When I started to learn how to throw on the wheel, I was very anxious about destroying the small something I just made. Every single creation was so precious to me that at one point I had to stop throwing. I was afraid that if the wheel turned just one more time, and if I tried to pull the cup a little bit higher, I would destroy it. The idea of my first works ruined horrified me. I loved all my pots! I wanted to keep them all.
The result of this fear was that my beginner’s pots were mostly very heavy. The walls were thick and the bottom of the pots seemed to be filled with lead. But I loved them and I kept them all.
When I started to improve in throwing, I became very critical about my work. I remember that at one point I said to myself: ”Hey, you have enough clay to pull this vase higher!” The fear of destroying the pots was replaced with the obsession for thin and light pots.
Most of my beginner’s work is now in Croatia at my parents’ place. My mother wanted them all and she still proudly shows them to everyone who visits. (Note: Your mother will always love everything you make.) At first I was so ashamed seeing that entire typical beginner’s work every time I visit. Nowadays I like to observe the progress of my throwing skills.

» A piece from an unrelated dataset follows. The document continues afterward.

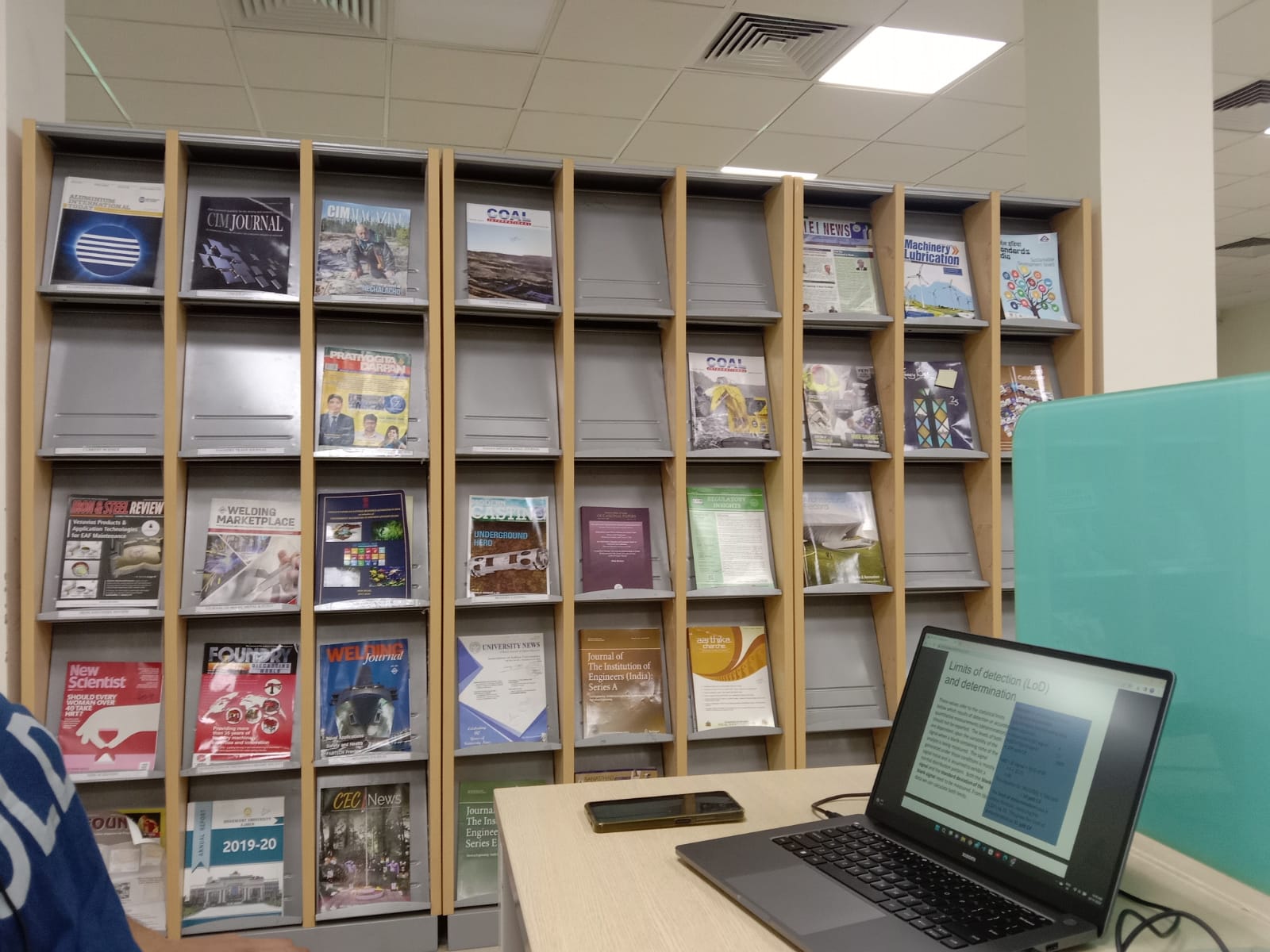 IIT BHU Library(2)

This mug is the very first piece I made when I moved to Vienna. I attended a course for beginners and wanted to skip the usual program and start throwing on the wheel. The course instructor insisted that I form something with my hands first. So this is my very first clumsy, oddly shaped mug. It is too heavy, with a handle that is too small.
I am not using this mug because it is so impractical – but I like it anyway. Also, I love the dotty glaze effect I got by mixing two ready-made glazes that were offered at the course. Finally, I love this mug because it is a remnant of my overly enthusiastic beginnings and of all the love and passion I have for clay.